River, Lake, Backcountry
5 - 100 pounds
16" - 47"
The Common Carp is a popular game fish that thrives in warm freshwaters. It has a golden-yellow hue on its body mixed with olive color on its top and face. They are heavy-built and have a barbel on each side of their lower jaw, just like some catfishes. These barbels are whisker-like sensory organs that help the fish get a taste of their environment; making them alert for both food and predators.
They’re mostly found in waters that are stagnant such as lakes, lagoons, sloughs, reed beds, and slow-flowing rivers and they easily thrive in both clear or murky water. The common carps are voracious bottom-feeding omnivorous. They eat aquatic plants, bottom-feeding insects, crustaceans, crawfish, and worms.
Common carps are known for their stocky built body. Anglers love their fighting spirit; they trash around and they don’t get tired quickly. They are large fishes with average sizes of 15.75 - 31.5 inches and their average weight is 4.5-31 lbs. Anglers would often target the carps that are around 20 pounds or more as these are the more challenging game fish. They can also grow to enormous weight and sizes. The longest caught was 47 inches, and different anglers around the world caught 100 pounders (though the biggest one is 100.5 lbs).
The common carp is known as a hardy fish that thrives in most areas around the world, including North America. You can check the nearest lakes, inlets, and ponds in your area and you will most likely get a catch of this carp.
They prefer water temperatures of 35-85 F° but look for temperatures of 73.4°F and 80°F if you want to catch a good 20 pounder carp. They mostly stay at the bottom but they do go to the surface to catch some insects or if people are feeding them bread.
During fall and spring, they come into the shallows and feed aggressively. It’s also the time where they gather in large schools to spawn their eggs. They can lay about 300,000 eggs in a single spawn, which is why it’s hard to eliminate the fish where it is considered invasive. Once summer hits, the carps spread out and they go slightly deeper, about 8-12 feet deep. During winter, they become lethargic but they will grab food if given the opportunity.

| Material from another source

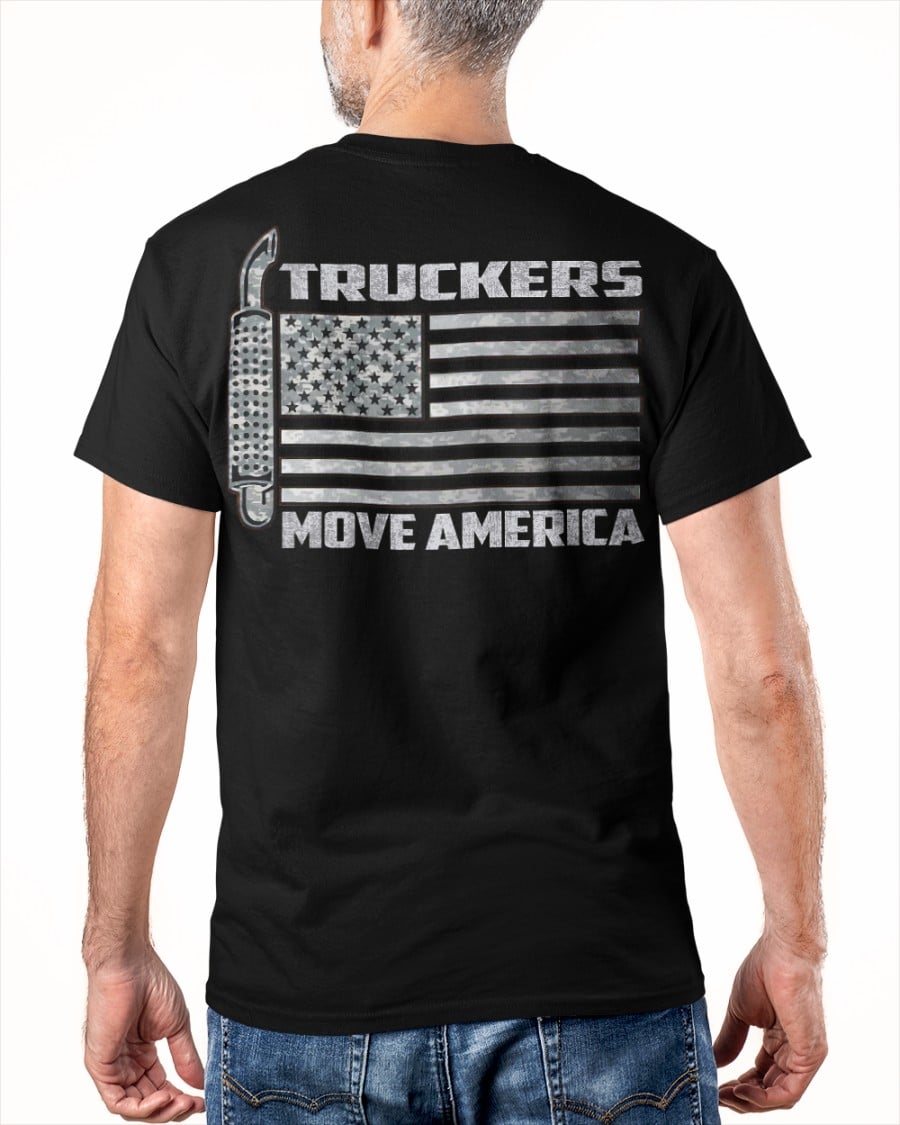 Truckers move America - America flag, truck driver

Carp fishing is popular among anglers. They’re known for their strength, which is why anglers who want to test their skills are quite fond of this fish. There are various ways to catch common carps; you can do it through fly fishing, sight fishing, or fish trolling.
For the equipment, a nine-foot rod is a standard length for these freshwater fishes. Using a 7 or 8 weight is good for carps around 10 pounds. If you want to catch 20 pounder common carps, use a weight of 9 or 10. For hooks, best to use #4 or #6 circle hooks for the 10-20 pound range, but you can use size #8 or #10 if you feel like you’ll be catching more than 20 pounds.
Seasons come in factor when you’re trying to catch a fish. In winter and fall, the common carp will be more active during the highest temperature of the day, which is the early afternoon. In summer, try to fish at sunset and sunrise where it’s colder in the day.
Always check the water where would you think they eat or stay before you set your gear. Check where insects stay or where the water is more active. These fish tend to get spook too easily; Try to avoid using shiny metallic rods or reels that glisten in the water as these might scare them. Don’t move your rod too much as that might spook them, too. Let your lure stay still and wait for the fish to take your bait. Use a hair rig if you’re trying to catch this fish from the bottom. A hair rig works great for carps that are hook shy as this will help them avoid seeing the hook.
Acquiring baits for common carps is pretty easy. You can use bread, corn, and boilies. Bread is more effective for carps that live in ponds since they are familiar with it. The downside with bread is they fall off too easily. Most anglers use corn as they don’t fall easily like bread. Boilies are the most expensive, ranging from 4- 10 dollars, but they don’t fall easily and carps love them.